The Seven Habits That Result in Happiness in Previous Age, by Arthur C. Brooks
Your well-being is sort of a retirement account: The earlier you make investments, the higher your returns will likely be, our happiness columnist advises.

an unsmiling black + white portrait of author facing a smiling portrait with illustrated colorful scribbles on black background
Illustration by Gabriela Pesqueira; {photograph} by Devin Christopher for The Atlantic

I Gave Myself Three Months to Change My Character, by Olga Khazan
“I’ve by no means actually preferred my character, and different individuals don’t prefer it both,” employees author Olga Khazan admits on this article from our March 2022 situation. Right here’s what occurred when she tried to alter it.

Adam Tooze stands on Columbia University's Campus outdoors.
Brian Finke

A Disaster Historian Has Some Dangerous Information for Us, by Annie Lowrey
“The revelation that Tooze is now placing forth is that we’d not be rising from disaster. Certainly, we may be in a worsening one,” employees author Annie Lowrey wrote in July, in her profile of Adam Tooze, a historian of financial catastrophe. “On condition that chance, our most distinguished disaster historian finds himself very busy.”

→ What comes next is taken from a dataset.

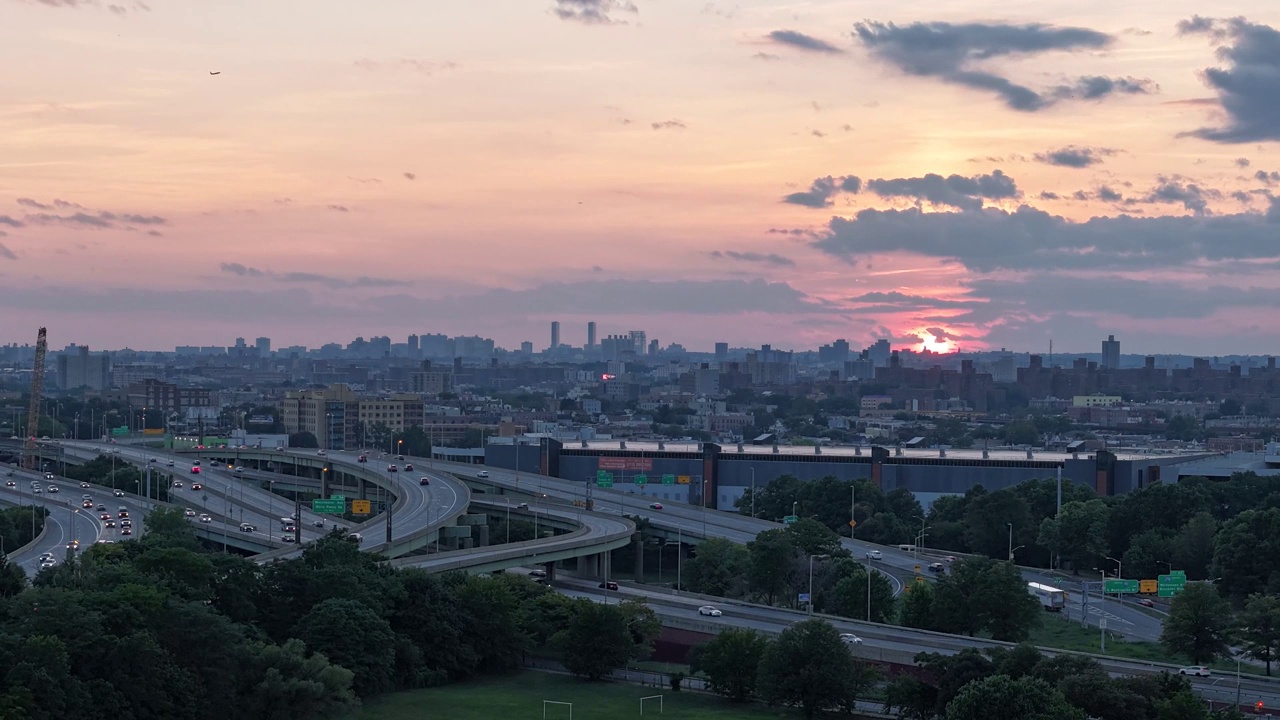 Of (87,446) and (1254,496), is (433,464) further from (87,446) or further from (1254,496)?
(1254,496)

Illustrations by Eric Yahnker
Illustration by Eric Yahnker

Why Is Marjorie Taylor Greene Like This?, by Elaina Plott Calabro
Nobody noticed Marjorie Taylor Greene coming—not even Marjorie Taylor Greene. Workers author Elaina Plott Calabro reviews on the individuals and locations that made the Georgia congresswoman, who was reelected to her seat in November.

Afghans camp near Hamid Karzai International Airport, in Kabul, on August 24, a week before Joe Biden’s declared deadline for the evacuation of allies. A U.S.-military C-17 transport aircraft takes off overhead. (Andrew Quilty / Agence VU’)
Andrew Quilty / Agence VU’

The Betrayal, by George Packer
Joe Biden didn’t prioritize the evacuation of Afghan allies within the run-up to America’s withdrawal from Afghanistan, employees author George Packer reported in our March situation. His months-long investigation revealed that the president allowed issues about optics to get in the way in which of saving lives.